(Saved data entries)
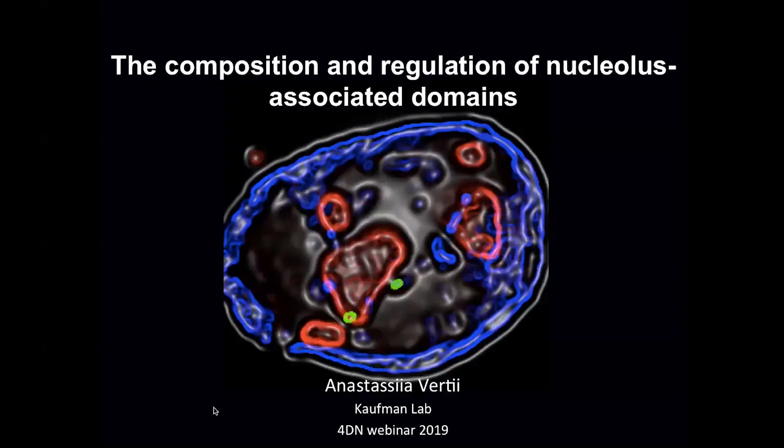Thank you so much for this opportunity. I work in Paul Kaufman's lab, and we're excited to discuss with you the composition and regulation of nucleolus-associated domains, or NADs. I would like to share with you some of our recently published data and then continue to our new data that directs the direction where the project is moving next.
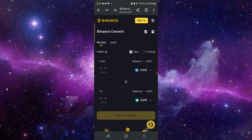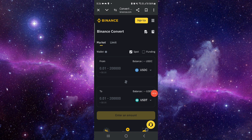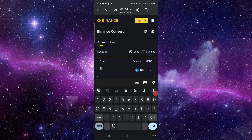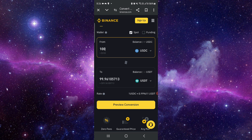First, you have to go to binance.com, then put the currency USDC to USDT, then enter the amount, and here you can just convert.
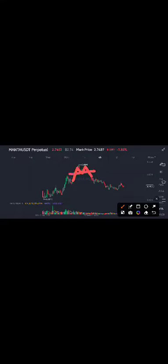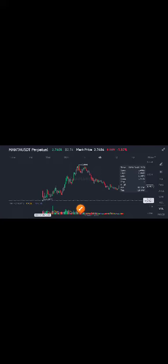Look here, after making this double top pattern, Mantra coin is completely looking bearish now. The price is jumping, but we are expecting a dump up to the 2.03 price level in Mantra coin.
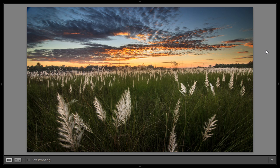Hello friends, this is Arun and welcome to my YouTube channel on Lightroom and Photoshop. Today I will teach you how to edit a landscape image that you can see on the screen. This image was clicked by me recently and I have added it into Lightroom.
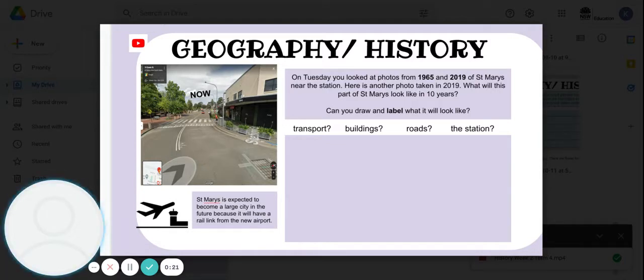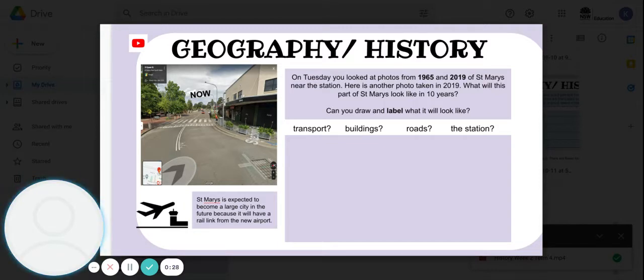What will this part of Saint Mary's look like in 10 years? Can you draw and label what it will look like? Think about what sort of transport might happen.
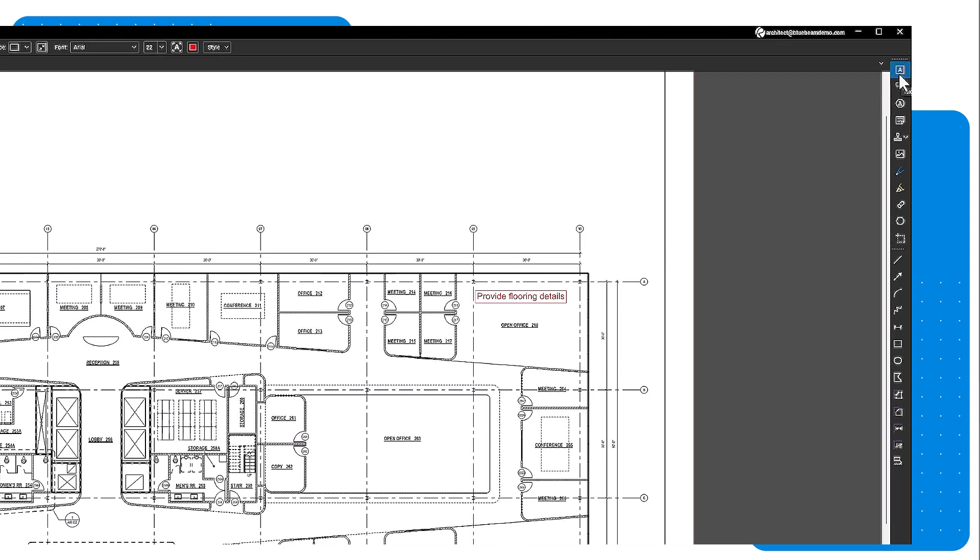To add a textbox markup, you first need to create the box. Select the tool, then click in your drawing where you'd like the box to go and move your cursor to the right to create the box. When the box is the size you'd like, click again. Then you can type inside the textbox.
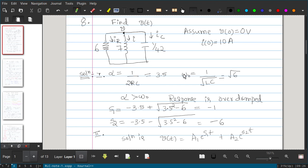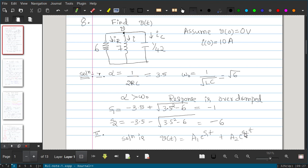For an overdamped response, we calculate roots s1 and s2. s1 = -alpha + sqrt(alpha² - omega_naught²) and s2 = -alpha - sqrt(alpha² - omega_naught²). Substituting values gives s1 = -1 and s2 = -6. The general solution is v(t) = A1·e^(s1·t) + A2·e^(s2·t) = A1·e^(-t) + A2·e^(-6t). We now need to calculate constants A1 and A2.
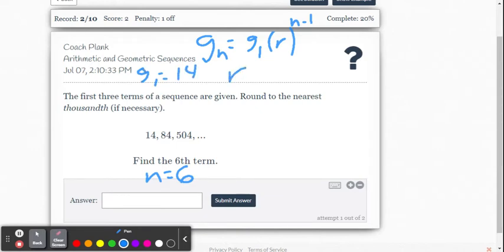R is our common ratio. So what is our common ratio? We go 504 divided by 84, you get 6. Take 84 divided by 14, you get 6. So the r value, the common ratio, is 6.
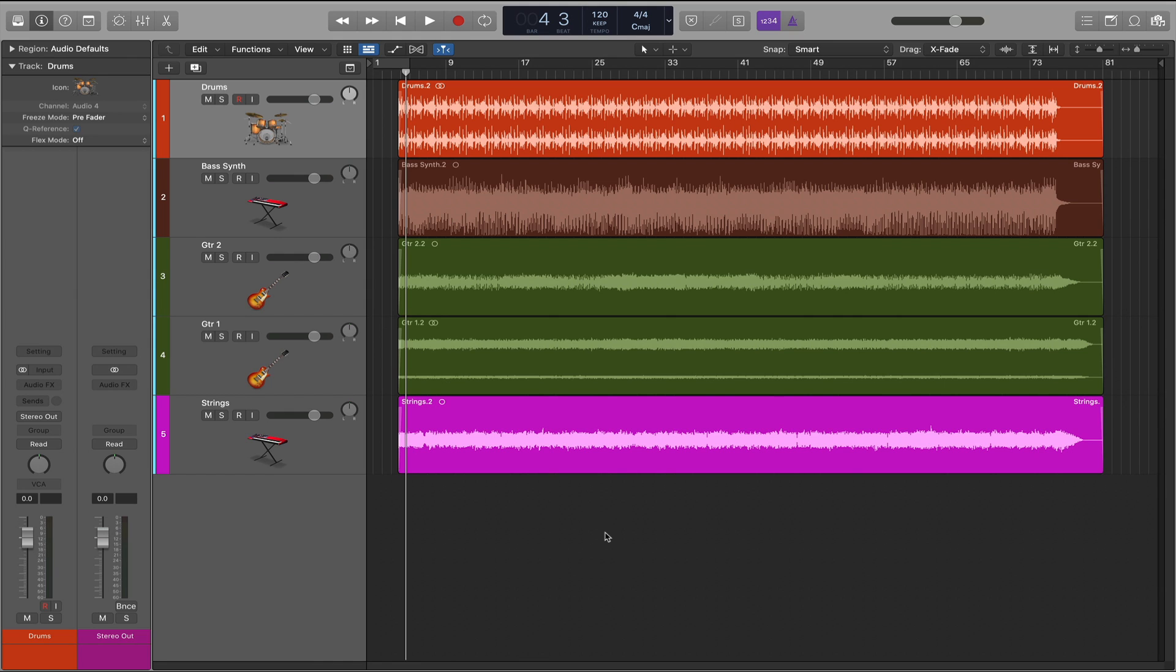One of the next things I like to do is reveal all of the plug-in inserts so that inserting and moving plug-ins is a lot easier during the mixing process.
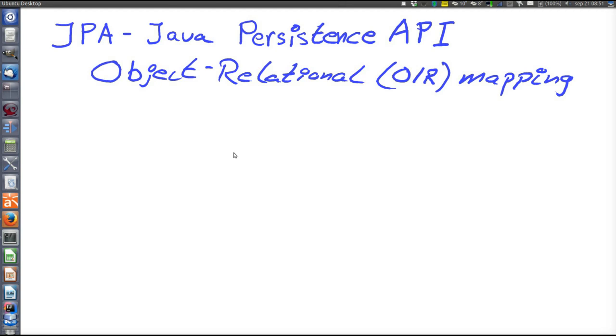This video will explain the Java Persistence API, JPA, which is an object relational mapping framework, or OR mapping framework.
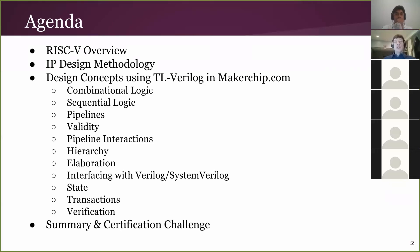To cover those concepts, we will use Transaction-Level Verilog because it's a very simple and very powerful language to teach hardware design concepts, and we'll use the makerchip.com platform. We'll start with topics like combinational logic and then get into sequential logic.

- What the task requires
Exactly reproduce the entries above, minus the pictures.

- Answer to the problem
Thank you so much for this opportunity. I work in Paul Kaufman's lab, and we're excited to discuss with you the composition and regulation of nucleolus-associated domains, or NADs. I would like to share with you some of our recently published data and then continue to our new data that directs the direction where the project is moving next.
First, you have to go to binance.com, then put the currency USDC to USDT, then enter the amount, and here you can just convert.
Look here, after making this double top pattern, Mantra coin is completely looking bearish now. The price is jumping, but we are expecting a dump up to the 2.03 price level in Mantra coin.
Hello friends, this is Arun and welcome to my YouTube channel on Lightroom and Photoshop. Today I will teach you how to edit a landscape image that you can see on the screen. This image was clicked by me recently and I have added it into Lightroom.
What will this part of Saint Mary's look like in 10 years? Can you draw and label what it will look like? Think about what sort of transport might happen.
To add a textbox markup, you first need to create the box. Select the tool, then click in your drawing where you'd like the box to go and move your cursor to the right to create the box. When the box is the size you'd like, click again. Then you can type inside the textbox.
For an overdamped response, we calculate roots s1 and s2. s1 = -alpha + sqrt(alpha² - omega_naught²) and s2 = -alpha - sqrt(alpha² - omega_naught²). Substituting values gives s1 = -1 and s2 = -6. The general solution is v(t) = A1·e^(s1·t) + A2·e^(s2·t) = A1·e^(-t) + A2·e^(-6t). We now need to calculate constants A1 and A2.
R is our common ratio. So what is our common ratio? We go 504 divided by 84, you get 6. Take 84 divided by 14, you get 6. So the r value, the common ratio, is 6.
One of the next things I like to do is reveal all of the plug-in inserts so that inserting and moving plug-ins is a lot easier during the mixing process.
This video will explain the Java Persistence API, JPA, which is an object relational mapping framework, or OR mapping framework.
To cover those concepts, we will use Transaction-Level Verilog because it's a very simple and very powerful language to teach hardware design concepts, and we'll use the makerchip.com platform. We'll start with topics like combinational logic and then get into sequential logic.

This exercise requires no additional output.